Kris: I don’t know, I’m definitely not relieved, I’m just only sad. I miss it a lot; it’s the funnest part because it takes so long to get a film together and shot and edited. And the whole time you’re thinking about an audience watching it. And I have still not gotten the chance to see the film in a theater with an audience.
And I do really miss all that popping circumstance. But mostly, I miss the kind of like communal feeling of watching it with a crowd. Though I will say, one of the silver linings is that the film premiered in Chicago at a drive-in theater last week. So there were, and we sold out like two screenings. There were over like 300 cars that came in to watch the movie, and it was really a special experience. It wasn’t anything that I could have possibly anticipated. But it was cool.
Carrie: That is fantastic. I imagine too, like as somebody who has pulled this whole thing together, like to feel the energy of a room. Like if you hear people laughing if you hear people clapping when it’s over. Like when you hear the enthusiasm.
Rob: Laughing at the beats that you intended, like yes, we just went did our first trip to Sundance this past year and definitely had at least a little bit of that experience that you’re describing.
Kris: Yes.
Rob: But don’t fret. While unconventional, I think this movie will certainly find a large a large audience because I think it’s so relatable for so many reasons. And you’ve got great talent behind you as well too, and it shows in everything that you do. So yes, we’re really excited to talk about this with our audience and share it with our folks as well too.

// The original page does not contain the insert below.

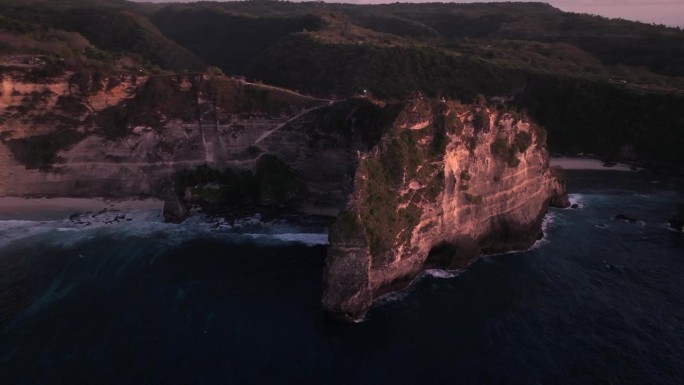 空中无人机日出场景的岩石悬崖在阿图海滩。美丽的大自然努沙Penida在巴厘岛，印度尼西亚。旅游暑假的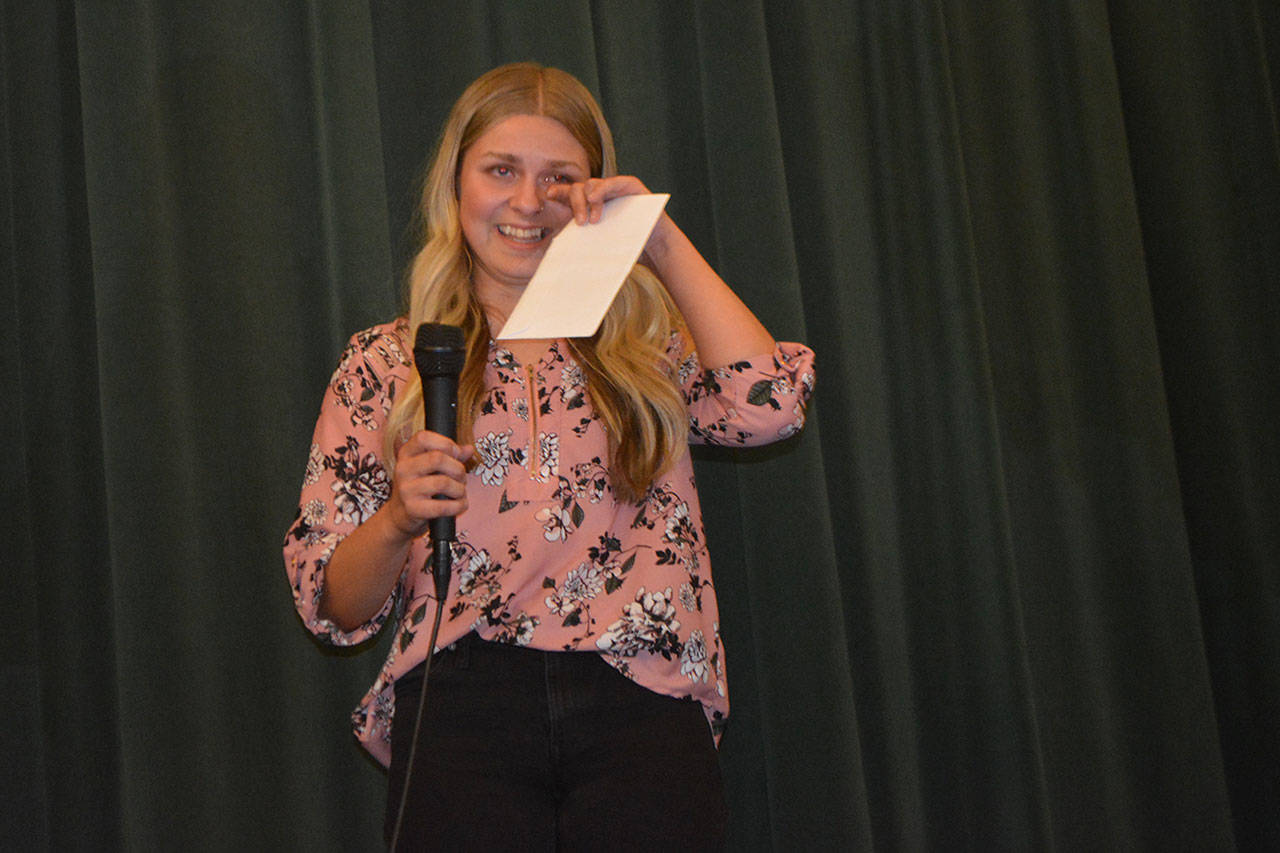 Skyleigh Morrison wipes a happy tear away after winning a $20,000 scholarship.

Kris: Well, thank you so much for talking about it. I mean, that has been such a nice like part of that really getting a lot of support. And I do appreciate you guys taking the time to talk to people about it.
Carrie: Of course.
Rob: Of course. And worst case, I’ve already got my enrollment form up to go back to Northwestern and see if I can audit some classes.
Carrie: Awesome. Well, thank you so much for catching up with us and talking a little bit about the movie.
Kris: Thank you.
Carrie: We loved it, and we’re looking forward to see it take off here when it comes out, releases on Friday.
Kris: Cool. All right, thanks so much, you guys.